Für die polnische Regierung existierte keine deutsche Minderheit
Doch obwohl der Warschauer Vertrag die Vertreibung von Millionen von Ostdeutschen als Folge des verlorenen Krieges akzeptierte, waren doch Hunderttausende – aus den unterschiedlichsten Gründen - in Polen geblieben. Ihre Existenz wurde von Warschau jedoch geleugnet, sagt Dieter Bingen:
"Für die Volksrepublik Polen gab es Ende der Sechzigerjahre keine deutsche Minderheit mehr in Polen. Und andererseits wusste man, dass es sie doch gab. Man wollte es aber nicht zugeben." Und so fand sich im Warschauer Vertrag kein Wort zum Umgang mit dieser Minderheit. Allerdings ließ die polnische Regierung der Bundesregierung eine Information zukommen, in der sie sich aus humanitären Gründen zur Familienzusammenführung bereit erklärte. Personen mit einer "unbestreitbar deutschen Volkszugehörigkeit", hieß es in dem Papier, sollten nach Deutschland ausreisen können.

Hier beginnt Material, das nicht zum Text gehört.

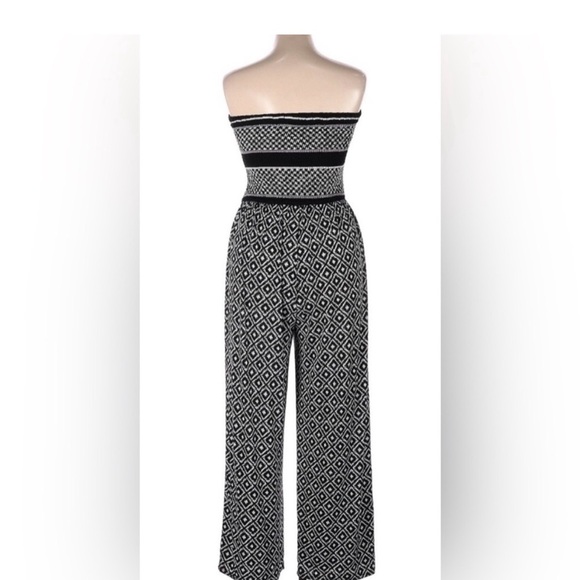 Mlle Gabrielle Black and White Geometric Jumpsuit - Picture 2 of 2
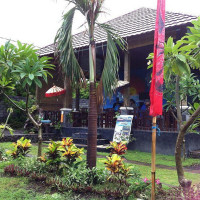 Sea Hua Ha Ha Dive Center outside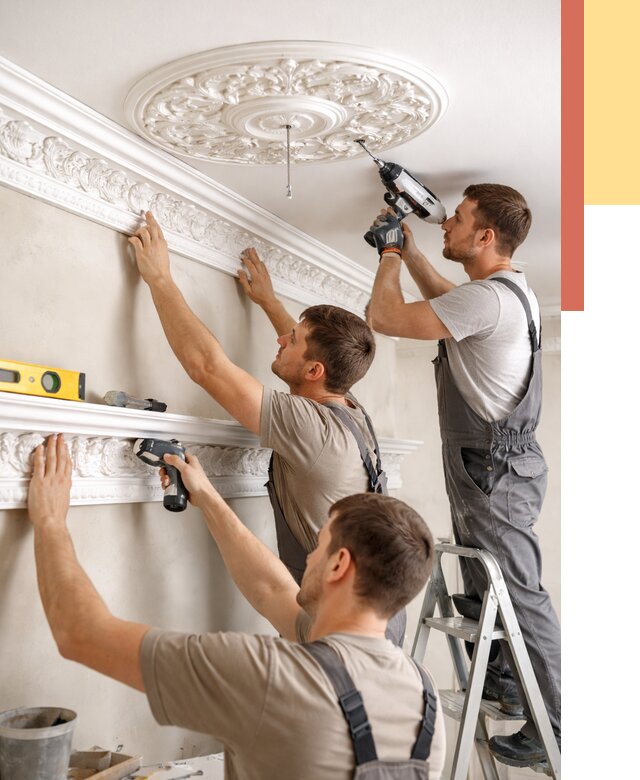 Монтаж лепнины на потолок в Елабуге от 3241 руб. быстро и недорого | ОТДЕЛОЧНИК-Лбг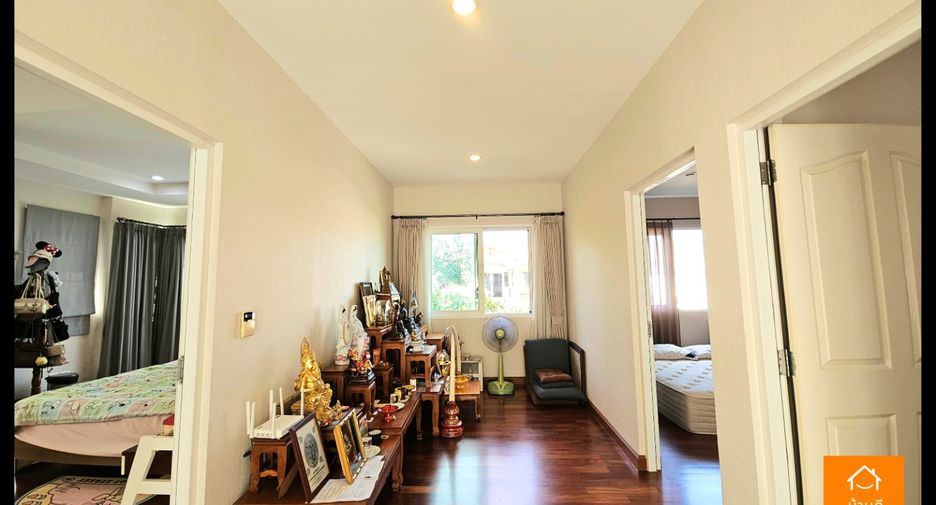 For sale 3 bedrooms house in Sai Mai, Bangkok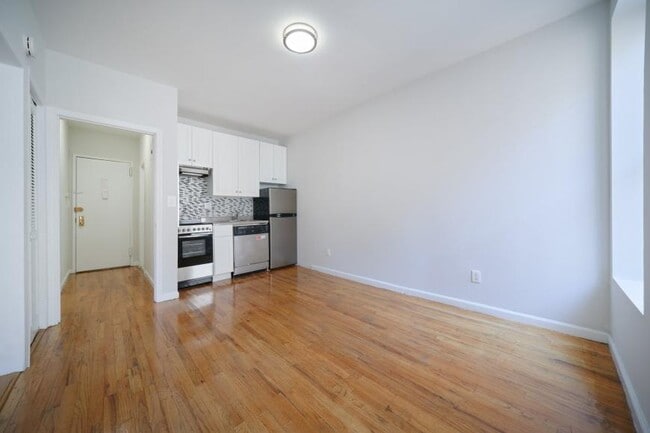 Building Photo - 2 bedroom in NEW YORK NY 10018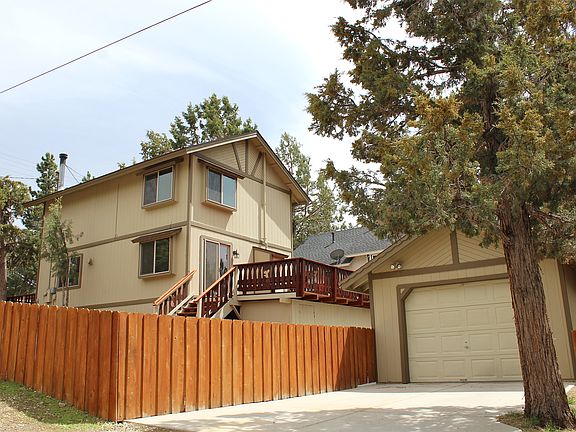 detached 1 car garage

"Für die Volksrepublik Polen gab es Ende der Sechzigerjahre keine deutsche Minderheit mehr in Polen. Und andererseits wusste man, dass es sie doch gab. Man wollte es aber nicht zugeben." Und so fand sich im Warschauer Vertrag kein Wort zum Umgang mit dieser Minderheit. Allerdings ließ die polnische Regierung der Bundesregierung eine Information zukommen, in der sie sich aus humanitären Gründen zur Familienzusammenführung bereit erklärte. Personen mit einer "unbestreitbar deutschen Volkszugehörigkeit", hieß es in dem Papier, sollten nach Deutschland ausreisen können.

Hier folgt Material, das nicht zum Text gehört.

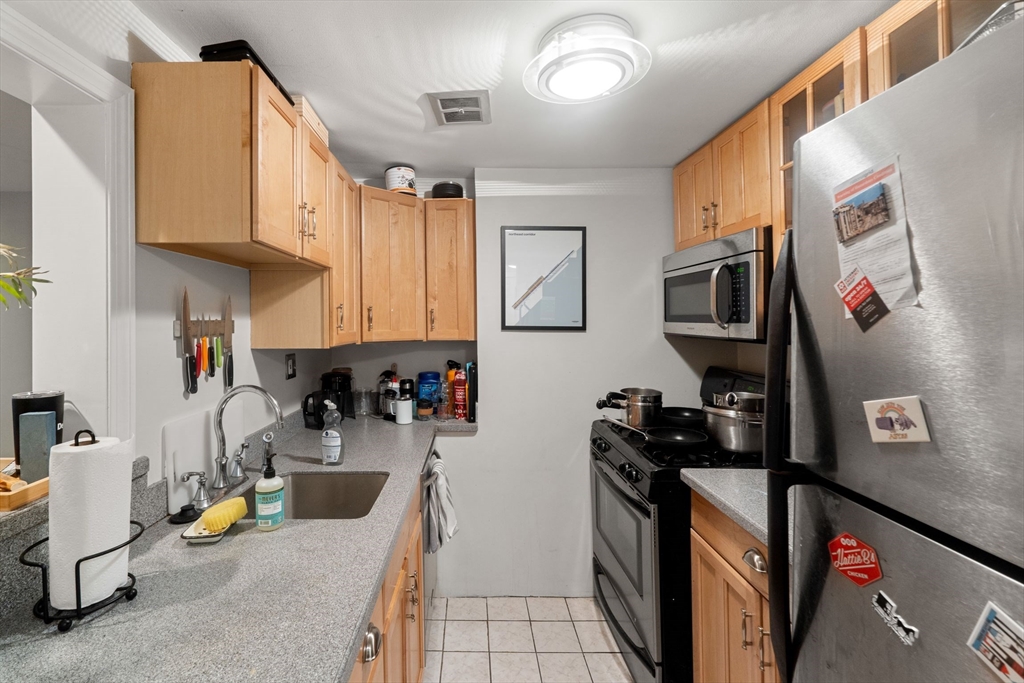 81 Waltham St, Boston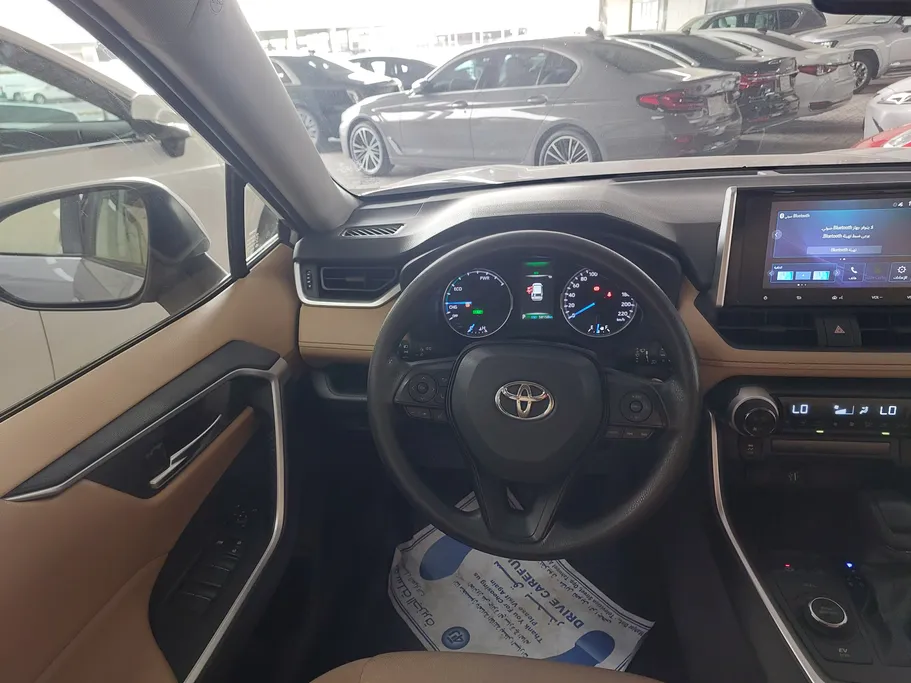 2023 Toyota RAV4 XLE HEV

Friedland: das Vorzimmer der Bundesrepublik
Während Ausreiseanträge in den Jahren zuvor meist abgelehnt worden waren, ging es nun recht schnell. Am 24. Januar 1971 trafen die ersten Aussiedler aus Polen im Grenzdurchgangslager Friedland ein, bis Ende des Jahres waren es 25.000. Der Leiter des Lagers, Albert Schulz, nannte Friedland das Vorzimmer der Bundesrepublik:
"Es gibt sofort nach dem Empfang hier Frühstück oder Abendessen, nach der Tageszeit, es wird eine leise, ich möchte sagen, unauffällige Personalaufnahme gemacht, und dann hat jeder Übersiedler 24 Stunden Ruhe, um sich hier zu entspannen und an das neue Leben im Westen, und Friedland ist die erste Station, zu gewöhnen."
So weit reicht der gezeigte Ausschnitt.